How to ignore 1 of the 2 GPUs on my machine

I’m trying to run a piece of code on a different machine than it was written on. On this new machine, there are two GPUs: a Teska K40c and an NVIDIA GeForce GTX 650. The problem seems to be with the second one. Running ] test CUDA gives the following error:

┌ Info: System information:
│ CUDA toolkit 11.4.1, artifact installation
│ CUDA driver 11.4.0
│ NVIDIA driver 470.57.2
│ 
│ Libraries: 
│ - CUBLAS: 11.5.4
│ - CURAND: 10.2.5
│ - CUFFT: 10.5.1
│ - CUSOLVER: 11.2.0
│ - CUSPARSE: 11.6.0
│ - CUPTI: 14.0.0
│ - NVML: 11.0.0+470.57.2
│ - CUDNN: 8.20.2 (for CUDA 11.4.0)
│ - CUTENSOR: 1.3.0 (for CUDA 11.2.0)
│ 
│ Toolchain:
│ - Julia: 1.6.2
│ - LLVM: 11.0.1
│ - PTX ISA support: 3.2, 4.0, 4.1, 4.2, 4.3, 5.0, 6.0, 6.1, 6.3, 6.4, 6.5, 7.0
│ - Device capability support: sm_35, sm_37, sm_50, sm_52, sm_53, sm_60, sm_61, sm_62, sm_70, sm_72, sm_75, sm_80
│ 
│ 2 devices:
│   0: Tesla K40c (sm_35, 11.107 GiB / 11.173 GiB available)
└   1: NVIDIA GeForce GTX 650 (sm_30, 900.750 MiB / 978.188 MiB available)
┌ Warning: Your NVIDIA GeForce GTX 650 GPU does not meet the minimal required compute capability (3.0.0 < 3.5).
│ Some functionality might be unavailable.
└ @ CUDA ~/.julia/packages/CUDA/9T5Sq/src/state.jl:237
ERROR: LoadError: BoundsError: attempt to access 1-element Vector{Any} at index [0:1]
Stacktrace:
 [1] throw_boundserror(A::Vector{Any}, I::Tuple{UnitRange{Int64}})
   @ Base ./abstractarray.jl:651
 [2] checkbounds
   @ ./abstractarray.jl:616 [inlined]
 [3] getindex(A::Vector{Any}, I::UnitRange{Int64})
   @ Base ./array.jl:807
 [4] top-level scope
   @ ~/.julia/packages/CUDA/9T5Sq/test/runtests.jl:158
 [5] include(fname::String)
   @ Base.MainInclude ./client.jl:444
 [6] top-level scope
   @ none:6
in expression starting at /home/jpereira/.julia/packages/CUDA/9T5Sq/test/runtests.jl:158
ERROR: Package CUDA errored during testing

Running the CUDA.jl introductory example gives a similar error:

julia> x_d = CUDA.fill(1.0f0, N);
julia> y_d = CUDA.fill(2.0f0, N);
julia> y_d .+= x_d
ERROR: Device capability v3.0.0 not supported by available toolchain

Altough I am not sure, it seems the issue is with the lack of support for compute capability 3.5 by the NVIDIA GeForce GTX 650 (according to https://developer.nvidia.com/cuda-gpus).

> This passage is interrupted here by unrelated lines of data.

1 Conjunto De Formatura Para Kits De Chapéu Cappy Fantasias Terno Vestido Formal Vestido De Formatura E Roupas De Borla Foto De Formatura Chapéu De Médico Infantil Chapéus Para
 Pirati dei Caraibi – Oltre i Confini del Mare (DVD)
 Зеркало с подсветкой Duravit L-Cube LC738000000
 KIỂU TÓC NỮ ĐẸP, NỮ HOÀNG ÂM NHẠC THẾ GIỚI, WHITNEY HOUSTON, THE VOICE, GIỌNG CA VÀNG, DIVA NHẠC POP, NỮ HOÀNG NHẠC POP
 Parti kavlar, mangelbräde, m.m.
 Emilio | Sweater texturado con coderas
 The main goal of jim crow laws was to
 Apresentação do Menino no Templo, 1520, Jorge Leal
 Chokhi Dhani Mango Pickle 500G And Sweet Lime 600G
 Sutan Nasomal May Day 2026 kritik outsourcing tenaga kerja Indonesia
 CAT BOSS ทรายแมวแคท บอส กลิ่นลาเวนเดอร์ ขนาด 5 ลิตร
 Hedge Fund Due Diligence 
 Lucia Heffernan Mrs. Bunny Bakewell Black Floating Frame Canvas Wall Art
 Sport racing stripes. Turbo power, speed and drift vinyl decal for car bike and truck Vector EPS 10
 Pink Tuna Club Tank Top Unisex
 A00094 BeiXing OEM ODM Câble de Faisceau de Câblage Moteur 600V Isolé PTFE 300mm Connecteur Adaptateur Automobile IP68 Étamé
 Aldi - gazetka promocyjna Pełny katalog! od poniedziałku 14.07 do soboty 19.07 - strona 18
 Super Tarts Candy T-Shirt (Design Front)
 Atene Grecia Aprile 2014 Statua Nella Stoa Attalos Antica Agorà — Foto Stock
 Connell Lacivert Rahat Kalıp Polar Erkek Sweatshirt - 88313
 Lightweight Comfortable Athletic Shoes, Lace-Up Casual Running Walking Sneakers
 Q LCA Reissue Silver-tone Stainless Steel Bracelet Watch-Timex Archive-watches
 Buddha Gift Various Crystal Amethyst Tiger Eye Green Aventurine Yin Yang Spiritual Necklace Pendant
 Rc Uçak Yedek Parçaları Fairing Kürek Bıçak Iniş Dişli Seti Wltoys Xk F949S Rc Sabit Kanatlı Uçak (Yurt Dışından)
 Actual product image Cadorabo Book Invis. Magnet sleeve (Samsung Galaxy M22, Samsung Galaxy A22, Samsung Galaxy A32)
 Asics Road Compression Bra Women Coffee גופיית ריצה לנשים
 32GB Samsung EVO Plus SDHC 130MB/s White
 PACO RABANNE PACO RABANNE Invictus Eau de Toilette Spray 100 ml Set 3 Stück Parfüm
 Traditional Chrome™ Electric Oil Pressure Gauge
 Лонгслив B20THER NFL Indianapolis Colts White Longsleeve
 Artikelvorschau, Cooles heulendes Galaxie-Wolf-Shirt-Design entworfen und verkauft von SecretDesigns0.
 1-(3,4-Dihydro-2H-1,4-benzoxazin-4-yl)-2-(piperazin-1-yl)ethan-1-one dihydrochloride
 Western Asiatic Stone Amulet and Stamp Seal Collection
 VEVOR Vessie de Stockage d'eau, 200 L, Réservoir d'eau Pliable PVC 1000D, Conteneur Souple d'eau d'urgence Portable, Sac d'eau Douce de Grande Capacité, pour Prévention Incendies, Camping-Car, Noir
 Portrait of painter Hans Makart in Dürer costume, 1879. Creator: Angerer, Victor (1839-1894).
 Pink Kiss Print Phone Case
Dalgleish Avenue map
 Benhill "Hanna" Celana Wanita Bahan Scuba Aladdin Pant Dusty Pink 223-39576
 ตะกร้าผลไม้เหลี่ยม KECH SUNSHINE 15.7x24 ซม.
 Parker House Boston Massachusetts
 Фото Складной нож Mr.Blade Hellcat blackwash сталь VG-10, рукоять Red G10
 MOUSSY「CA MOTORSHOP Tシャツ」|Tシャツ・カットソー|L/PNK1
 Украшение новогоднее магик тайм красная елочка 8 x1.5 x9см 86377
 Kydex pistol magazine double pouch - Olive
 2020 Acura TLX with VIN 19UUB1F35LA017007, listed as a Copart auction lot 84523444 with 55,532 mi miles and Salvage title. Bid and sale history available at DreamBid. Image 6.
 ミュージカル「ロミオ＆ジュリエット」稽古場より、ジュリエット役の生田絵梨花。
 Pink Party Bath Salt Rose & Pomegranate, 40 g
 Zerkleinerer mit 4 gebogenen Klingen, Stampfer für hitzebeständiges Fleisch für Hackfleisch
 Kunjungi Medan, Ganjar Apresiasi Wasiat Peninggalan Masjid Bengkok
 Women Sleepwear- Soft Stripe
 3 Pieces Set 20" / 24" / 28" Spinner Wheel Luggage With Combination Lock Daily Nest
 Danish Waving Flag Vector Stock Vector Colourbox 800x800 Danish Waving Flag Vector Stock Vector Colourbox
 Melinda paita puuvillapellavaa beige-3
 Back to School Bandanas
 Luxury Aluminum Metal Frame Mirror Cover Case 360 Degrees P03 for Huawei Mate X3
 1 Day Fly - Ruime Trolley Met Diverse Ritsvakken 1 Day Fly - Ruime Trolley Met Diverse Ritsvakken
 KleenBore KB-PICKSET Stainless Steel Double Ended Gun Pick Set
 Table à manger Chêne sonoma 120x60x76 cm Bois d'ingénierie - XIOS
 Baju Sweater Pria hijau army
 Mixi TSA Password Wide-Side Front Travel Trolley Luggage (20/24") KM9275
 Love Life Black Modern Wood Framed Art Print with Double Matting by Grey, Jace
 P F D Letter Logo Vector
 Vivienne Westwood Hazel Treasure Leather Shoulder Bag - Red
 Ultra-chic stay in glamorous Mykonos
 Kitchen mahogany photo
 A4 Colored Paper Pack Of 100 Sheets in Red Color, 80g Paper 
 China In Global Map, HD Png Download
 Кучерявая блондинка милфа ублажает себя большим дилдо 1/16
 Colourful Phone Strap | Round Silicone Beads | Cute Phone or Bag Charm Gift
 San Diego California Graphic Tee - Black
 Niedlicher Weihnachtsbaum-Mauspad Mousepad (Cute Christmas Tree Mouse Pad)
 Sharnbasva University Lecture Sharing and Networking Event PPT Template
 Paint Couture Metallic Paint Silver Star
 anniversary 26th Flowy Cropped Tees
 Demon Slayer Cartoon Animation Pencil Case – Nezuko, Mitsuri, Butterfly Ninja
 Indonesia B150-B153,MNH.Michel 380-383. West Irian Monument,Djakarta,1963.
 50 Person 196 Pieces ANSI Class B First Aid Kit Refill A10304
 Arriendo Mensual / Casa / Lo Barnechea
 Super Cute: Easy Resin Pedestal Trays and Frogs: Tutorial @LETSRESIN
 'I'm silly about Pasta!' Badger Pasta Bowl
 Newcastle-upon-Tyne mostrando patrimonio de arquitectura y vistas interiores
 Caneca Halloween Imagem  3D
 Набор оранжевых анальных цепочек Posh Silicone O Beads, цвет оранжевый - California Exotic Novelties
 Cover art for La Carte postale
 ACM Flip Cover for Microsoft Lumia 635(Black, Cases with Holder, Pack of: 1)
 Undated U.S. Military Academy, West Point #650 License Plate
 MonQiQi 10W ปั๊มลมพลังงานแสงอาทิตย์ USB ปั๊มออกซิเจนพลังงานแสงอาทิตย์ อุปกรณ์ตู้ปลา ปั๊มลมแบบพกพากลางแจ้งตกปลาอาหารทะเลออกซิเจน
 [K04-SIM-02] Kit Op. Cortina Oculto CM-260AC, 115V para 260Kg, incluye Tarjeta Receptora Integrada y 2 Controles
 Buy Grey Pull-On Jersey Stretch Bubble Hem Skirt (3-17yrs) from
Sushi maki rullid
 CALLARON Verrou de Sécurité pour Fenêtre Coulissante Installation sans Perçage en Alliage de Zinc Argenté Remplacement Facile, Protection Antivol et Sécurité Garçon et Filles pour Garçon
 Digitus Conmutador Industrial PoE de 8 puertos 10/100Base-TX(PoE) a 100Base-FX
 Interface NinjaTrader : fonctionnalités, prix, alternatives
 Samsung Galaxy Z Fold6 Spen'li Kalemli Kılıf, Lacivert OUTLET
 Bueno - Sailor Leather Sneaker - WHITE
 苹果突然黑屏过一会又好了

Is there a way for me to just ignore this GPU and use the Tesla K40c only?
Thank you

Select a device at the start of your session using device!, or use the CUDA_VISIBLE_DEVICES environment variable.

The bounds error is strange though, could you file an issue with more details?

I’ve tried setting the device!, but the error complaining about the lack of compute compatibility remains.
How can I set the CUDA_VISIBLE_DEVICES environment variable?

That depends on your platform and how you execute Julia.

On Linux you just do CUDA_VISIBLE_DEVICES=1 julia in your shell.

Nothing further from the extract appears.